19). Kasih yang tak terbatas
Seorang pemuda hanya tertunduk lesu, memandang tiang gantungan yang menanti di hadapannya. Andaikan ia tahu akan berakhir begini, tentu tidak akan sekarang ... sudah terlambat. Seorang petugas mengikatnya dengan tali dan mempersiapkannya untuk digantung. Sambil menuju tiang gantungan, terlintas di pikirannya, ibunya yang juga satu-satunya keluarganya yang tinggal, sedang menangisinya. Kini hanya tinggal menunggu lonceng. Ya, tinggal menunggu sedentang lonceng dan ia akan meninggalkan dunia fana ini untuk selama-lamanya. Peraturannya saat itu, hukuman gantung dilaksanakan setelah lonceng besar berbunyi. Ia sudah pasrah dan menunggu ajalnya.

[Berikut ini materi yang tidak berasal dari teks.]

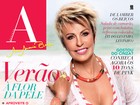Ana Maria Braga aparece com decote ousado em capa de revista
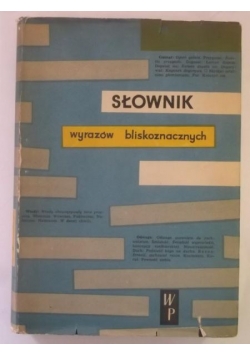 Słownik wyrazów bliskoznacznych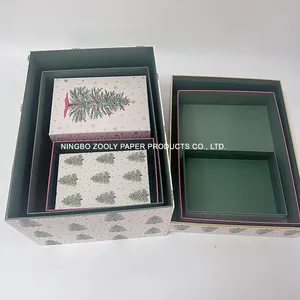 Gold foil paper Christmas holiday <b>wedding</b> gift <b>box</b>, cosmetics, toys, games, packaging <b>box</b>, customizable according to demand - Product Image 3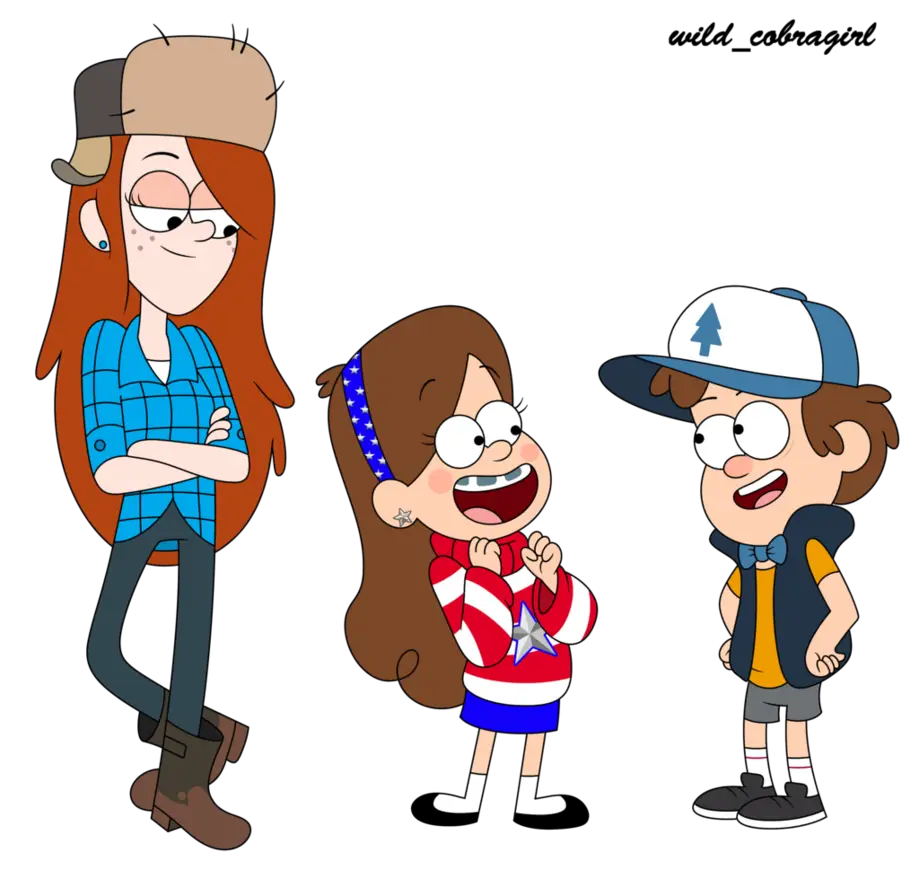 Cartoon Characters in Fun Poses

Saat itu pukul 11 siang hari. Ditunggunya satu jam ... dua jam ... lonceng tidak juga berbunyi hingga pukul 2 siang. "Akh, berarti kematianku sudah sangat dekat?" pikir si pemuda. Tapi lonceng tidak juga berdentang hingga pukul 5 sore. Lonceng itu memang bergerak sejak siang, namun ternyata bukan bunyi yang dikeluarkannya, melainkan tetesan darah !!! Di tengah-tengah lonceng besar tersebut, ternyata ada seorang wanita tua yang menjepit bola di dalam lonceng hingga tidak terdengar bunyinya. Saat lonceng tersebut dipukul, wanita ini menjepitkan dirinya di dalam lonceng besar itu. Wanita tua itu tak lain adalah ibu sang pemuda yang akan dihukum!!! Akhirnya, pemuda tersebut dibebaskan dari hukumannya karena lonceng tersebut tidak juga berbunyi, sesuai dengan peraturan yang ada. Begitu besarnya cinta Ibu itu terhadap anaknya, hingga dia rela mempertaruhkan nyawanya sendiri demi menyelamatkan anak yang dikasihinya. Ibu itu melambangkan Tuhan kita, Yesus Kristus yang telah rela membayar harga yang seharusnya menjadi tanggungan kita, dengan mati di kayu salib, agar kita diselamatkan. Seharusnya, kitalah yang sepatutnya digantung, kitalah yang sepatutnya disalib! Namun cinta Tuhan amat besar bagi kita, Cintanya tiada batasnya bagi kita anak-anak Nya.

Yohanes 3:16. "Karena begitu besar kasih Allah akan dunia ini, sehingga Ia telah mengaruniakan Anak-Nya yang tunggal, supaya setiap orang yang percaya kepada-Nya tidak binasa, melainkan beroleh hidup yang kekal? Yohanes 4:9. "Dalam hal inilah kasih Allah dinyatakan di tengah-tengah kita, yaitu bahwa Allah telah mengutus Anak-Nya yang tunggal ke dalam dunia, supaya kita hidup oleh-Nya. 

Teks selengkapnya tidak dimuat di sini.